PHOTO: MOTHER EARTH NEWS STAFF

The city of Santa Fe, New Mexico—nestled against the treeline in the cool, dry foothills of the Sangre de Cristo Mountains—just has to be one of the best places in this country to make use of solar energy. Blessed with abundant sunshine—and a relatively low latitude of 36 degrees—the capital of the "Land of Enchantment" also has a real need for heating.

You see, although most people think of New Mexico as warm desert country, Santa Fe—which is perched just at the 7,000-foot line—is actually slightly cooler (on an average) than Denver, Colorado! While Santa Feans seldom have to suffer through more than a few consecutive days of subfreezing daytime highs, the mercury does plummet below zero on some winter evenings, and the town's average annual snowfall is over three feet.

In fact, in heating energy terminology, Santa Fe has almost 6,000 heating degree days. (This figure represents the total number of degrees that the mean temperature falls below 65°F during the year.) For comparison, Denver averages about 5,700 heating degree days, and New York nets approximately 5,250. And—just as an extreme example—Edmonton, Alberta rings in at almost 11,700 degree days.

It's not too surprising, then, that the hillsides above the quaint old historical New Mexican community (it was established around 1610) are dotted with adobe homes equipped with a wide range of solar heating equipment. And one of the most attractive (and successful) examples of this combination of new-age technology and age-old earthen home construction methods belongs to Douglas and Sara Balcomb.

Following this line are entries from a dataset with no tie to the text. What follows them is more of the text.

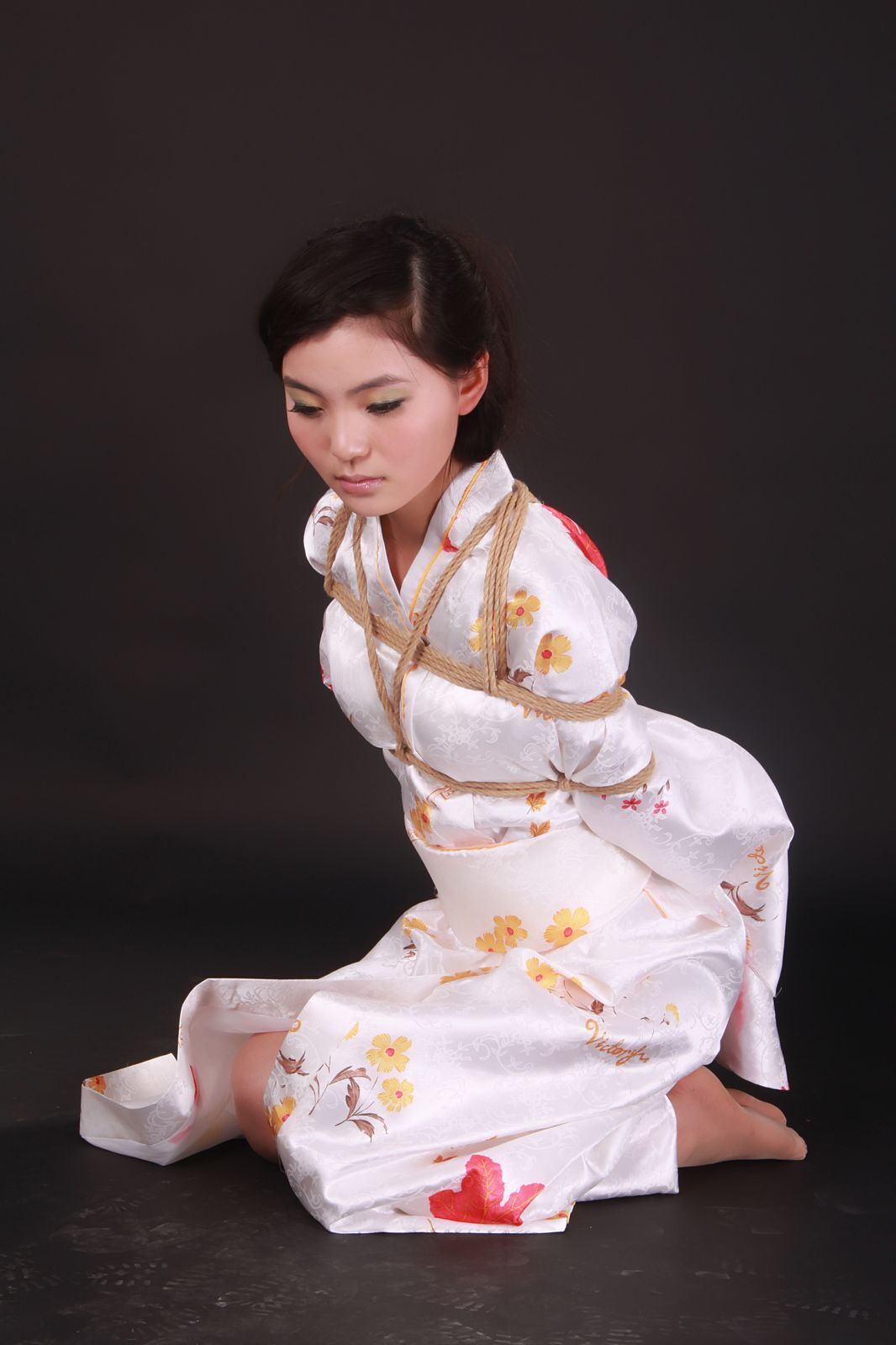 [神艺缘] 2010.04.20 No.015 模特 雨婷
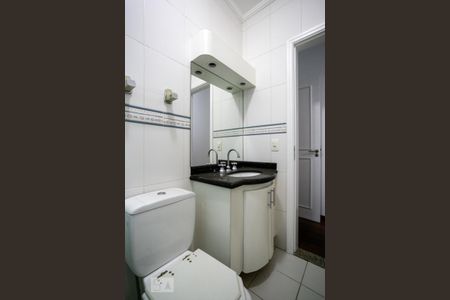 Casa à venda com 300m², 3 quartos e 6 vagas Casa à venda com 300m², 3 quartos e 6 vagasBanheiro da Suíte 2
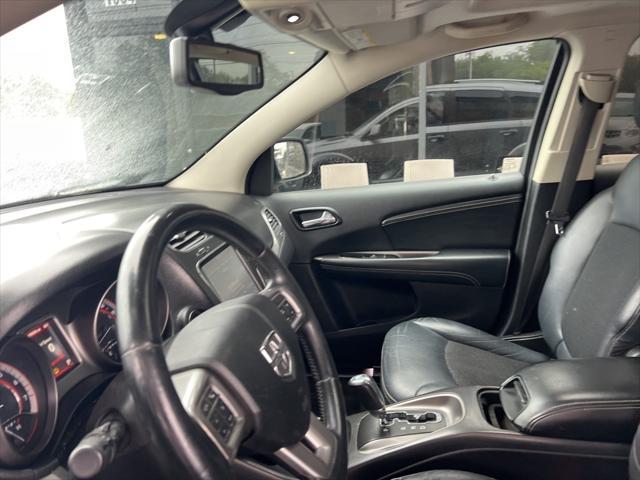 Photo of 2015 Billet Silver Metallic Clearcoat Dodge Journey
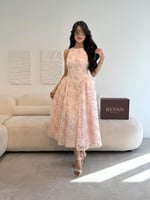 فستان عيد ميدي مزخرف بالورود من ريڤــان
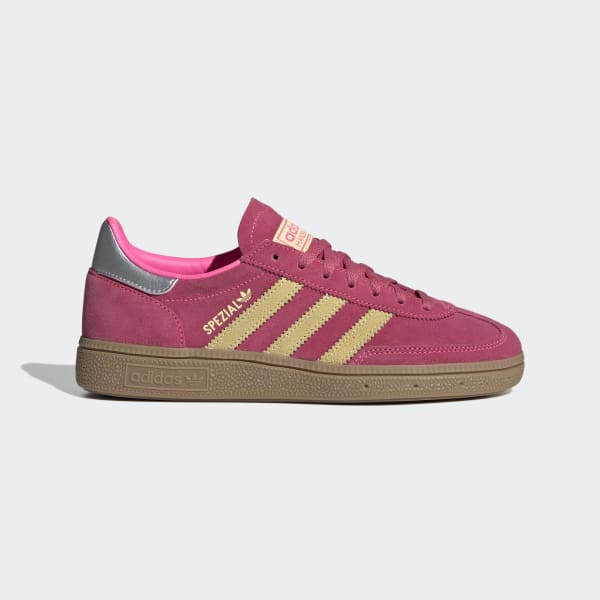adidas HANDBALL SPEZIAL ピンク 2回使用 MY旅】神戸旅スタイルは「adidas Handball Spezial」のピンクが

We are fortunate enough to have detailed performance records for their solar adobe home, because both Balcombs are intensely involved in solar energy. In fact, Dr. Balcomb—who currently works in passive solar energy research at Sandia Laboratories—has published information on his family home in a Department of Energy pamphlet entitled Passive Solar Buildings: A Compilation of Data and Results (SAND 77-1204 [Revised]). And Sara—who is vice-chairperson of the New Mexico Solar Energy Association—takes part in the preparation of a regular solar newsletter and various sun-energy teaching aids (such as slide shows).

The Balcomb home is known as Unit One, because it was the original dwelling in a planned environmental community called First Village. Architect William Lumpkins—with solar engineers/ designers/builders Susan and Wayne Nichols—chose to blend a selection of solar techniques (many of which were pioneered by solar innovator Hal Miguel and used in his own Tusuque, New Mexico residence) rather than invest all their capital and energy in one system.